Но в ч ь ё м-то напряжённом взоре
маячит в сумраке н о ч н о м
о к н о м разрезанное море.
Два глаза и с т о ч а ю т крик.
Лишь веки, и з д а в а я шорох,
во мраке з а щ и щ а ю т их
собою наподобье створок.
«Скрытые» рифмы придают дополнительный импульс именно повествовательному элементу поэзии Бродского, не плану выражения, но плану изображения, будь то идущая сквозь строфу неназойливая рифма сном-чьём-ночном-окном, или совершенно преднамеренное неказистое источают-издавая-защищают с его эслакацией шипящих.
В книге почти равномерно представлен творческий путь Бродского, и, переворачивая страницы, мы видим, что поэт не отказывается от основ своей поэтики, сохраняя свои давние находки и придавая им новую крепость.

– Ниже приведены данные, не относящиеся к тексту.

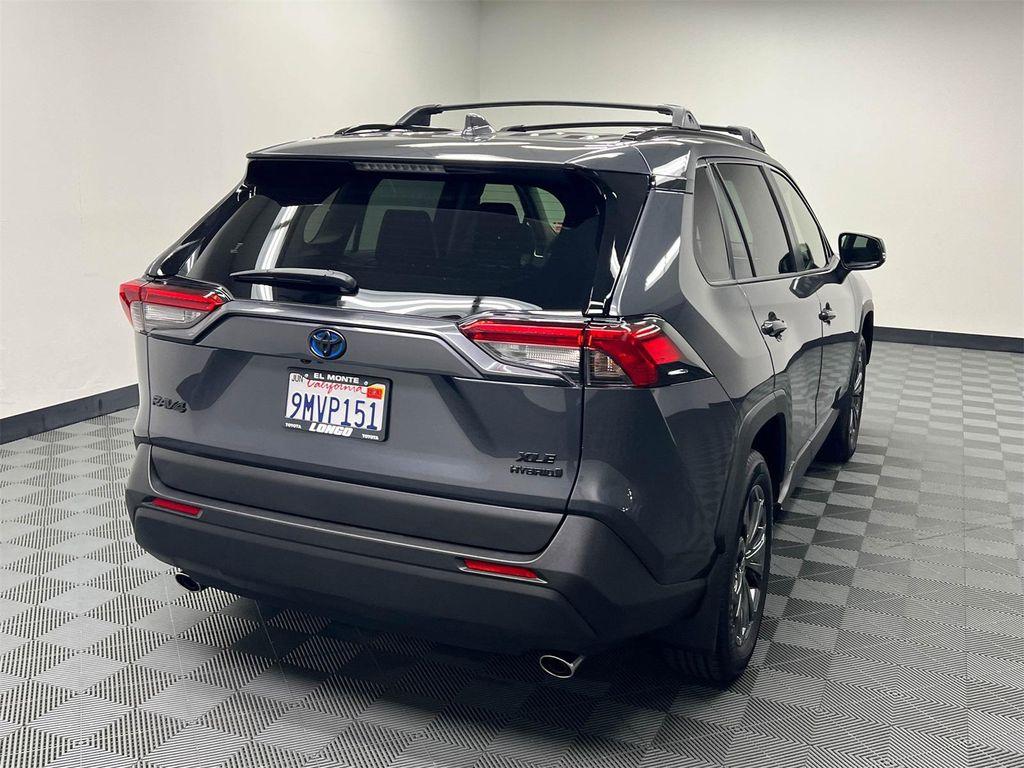 used 2024 Toyota RAV4 Hybrid car, priced at $38,977
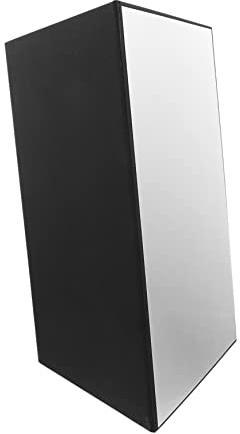 SOLUSTRE Rafraîchisseur de Lumière Pliable Carton pour Photographie Réflecteur Double Face Blanc Argent Noir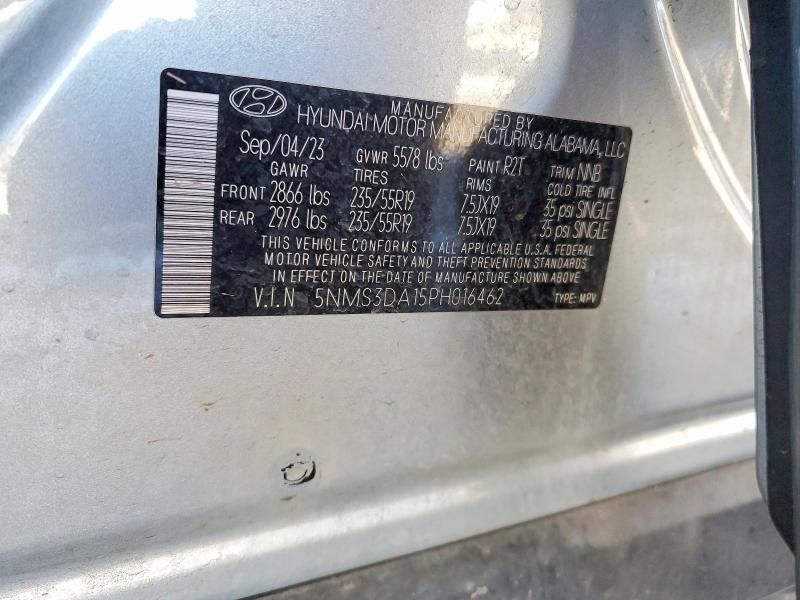 2023 Hyundai Santa fe sel Premium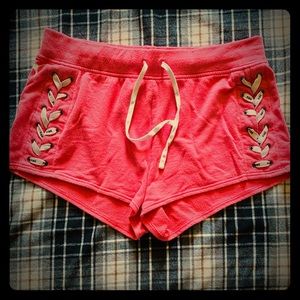 PINK short shorts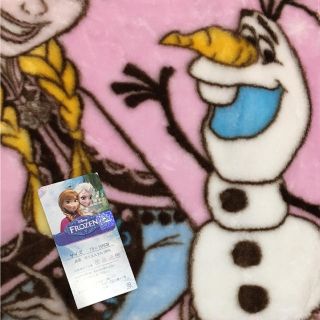 ディズニー(Disney)のいそっち様アナ雪ひざ掛け(その他)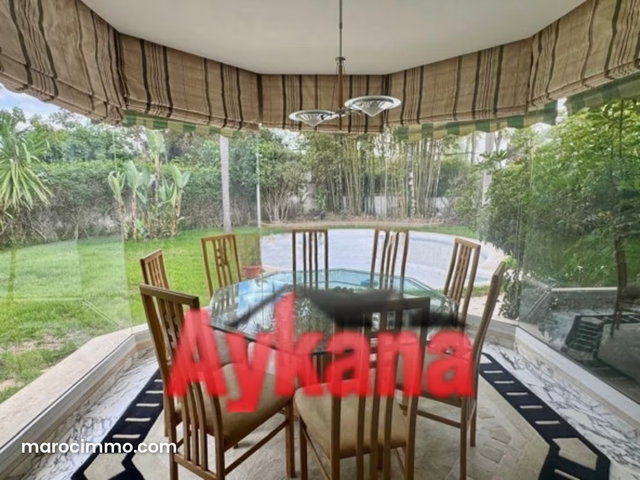 Vente Villa en Exclusivité à Rabat Hay Riad — 4
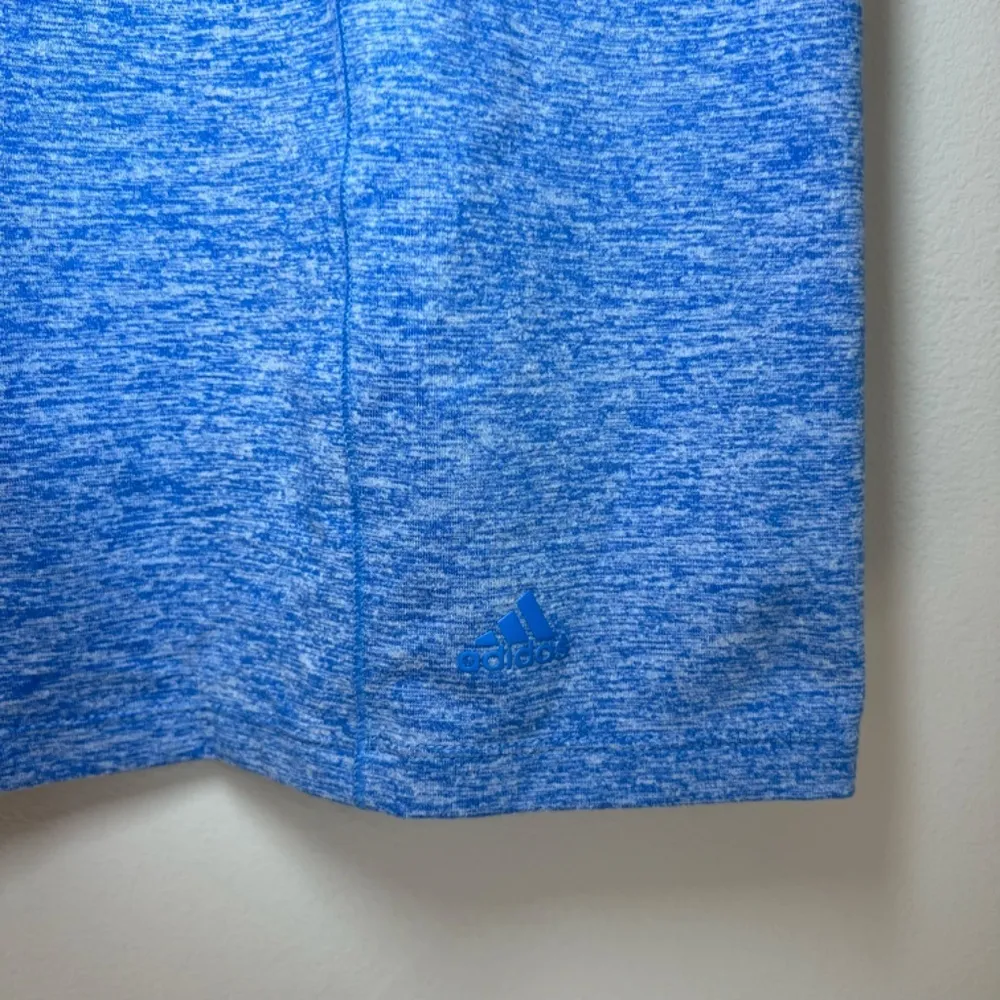 Adidas Skort Blue Heather Lined Athletic Tennis Pickleball Golf Women's Sz Large - Image 3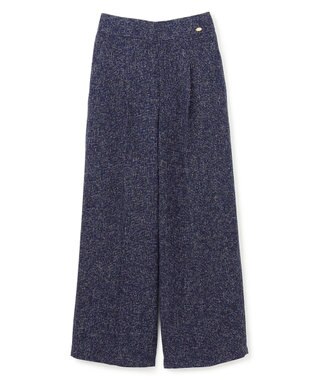 TOCCA 【洗える】MIST TWEED パンツ ネイビー系5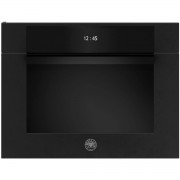 Bertazzoni F457MODVTN Modern系列 45厘米 31公升 嵌入式蒸焗爐 (碳黑色) - 7功能 全蒸氣模式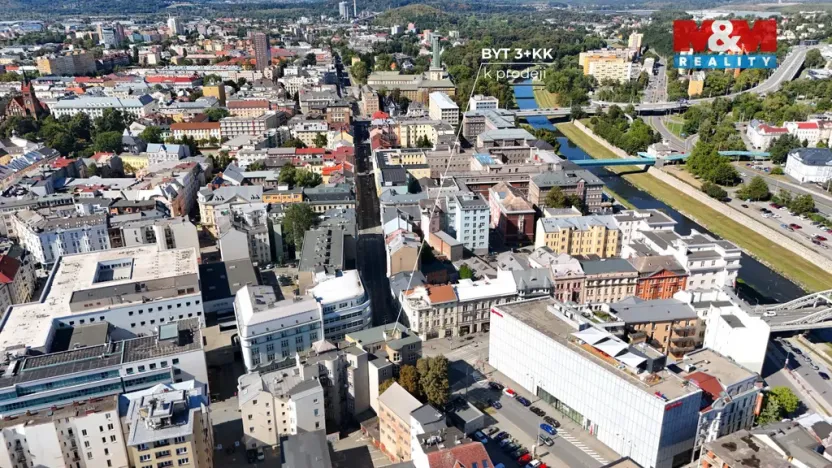 Prodej bytu 3+kk, Ostrava - Moravská Ostrava, 28. října, 86 m2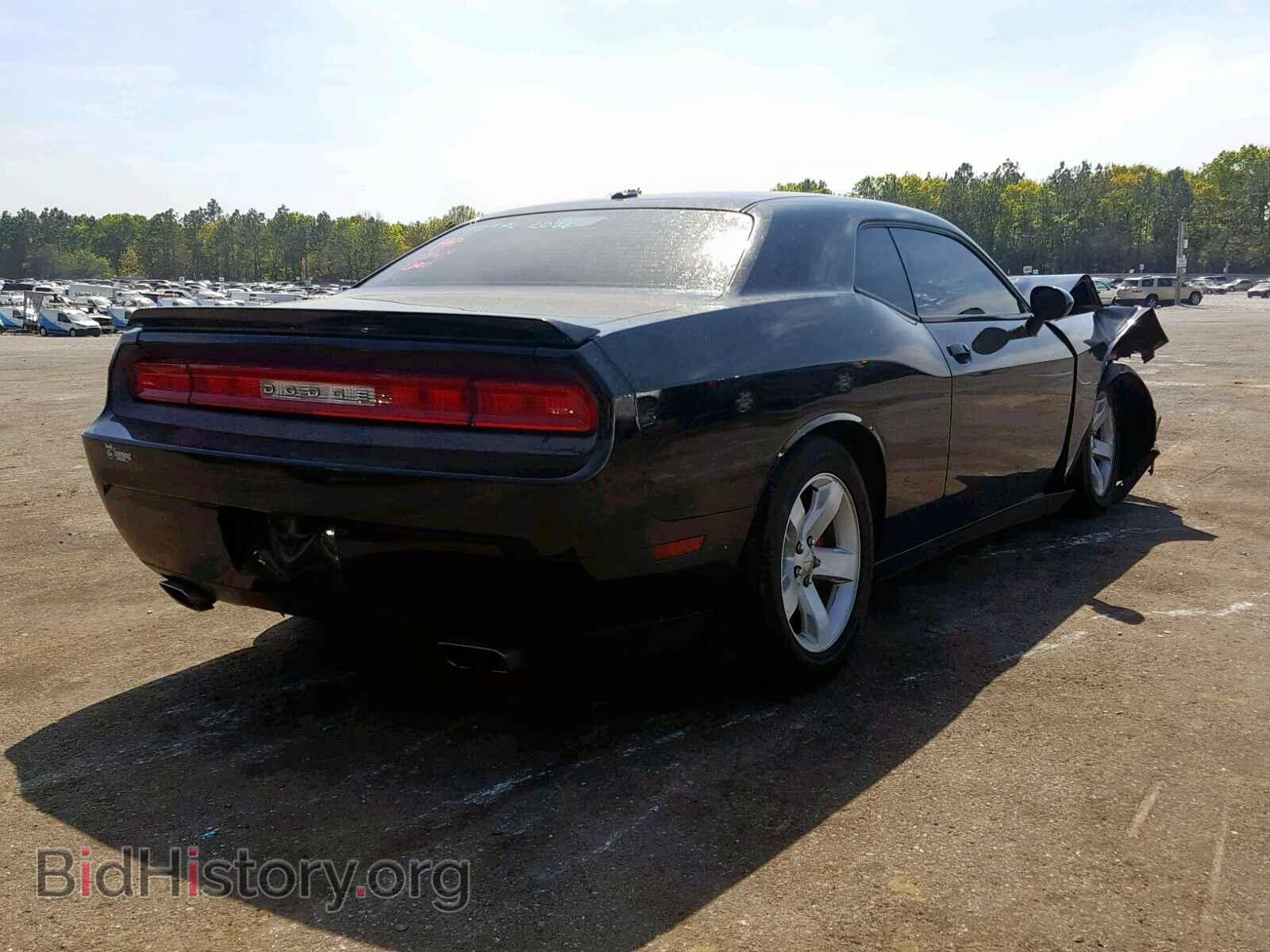 2013 DODGE CHALLENGER - VIN: 2C3CDYBT1DH601026 - Photo 4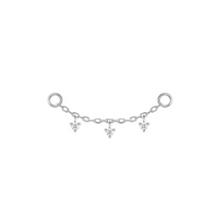 Load image into Gallery viewer, Chain with Tiny Dripping Diamonds (Various Styles)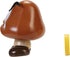 Super Mario Action Figure 4 Inch Goomba Collectible Toy with Coin Accessory...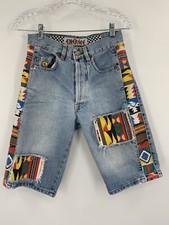 Pantaloncini jeans denim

Так, характерен его излюбленный приём - начинать стихотворение местоимением, категоризмом, обращением по имени или императивом: «Ты забыла деревню, затерянную в болотах...», «Ты, гитарообразная вещь со спутанной паутиной...», «Ниоткуда с любовью, надцатого мартобря...», «Мари, шотландцы все-таки скоты...», «Повернись ко мне в профиль. В профиль черты лица...» Образ героини этой книги - это образ всей запечатлённой для читателя жизни Бродского. И в том, что он всегда лицом к ней, видимо, и состоит непростой секрет неувядаемого мастерства поэта и вечно нового его жизнечувствия.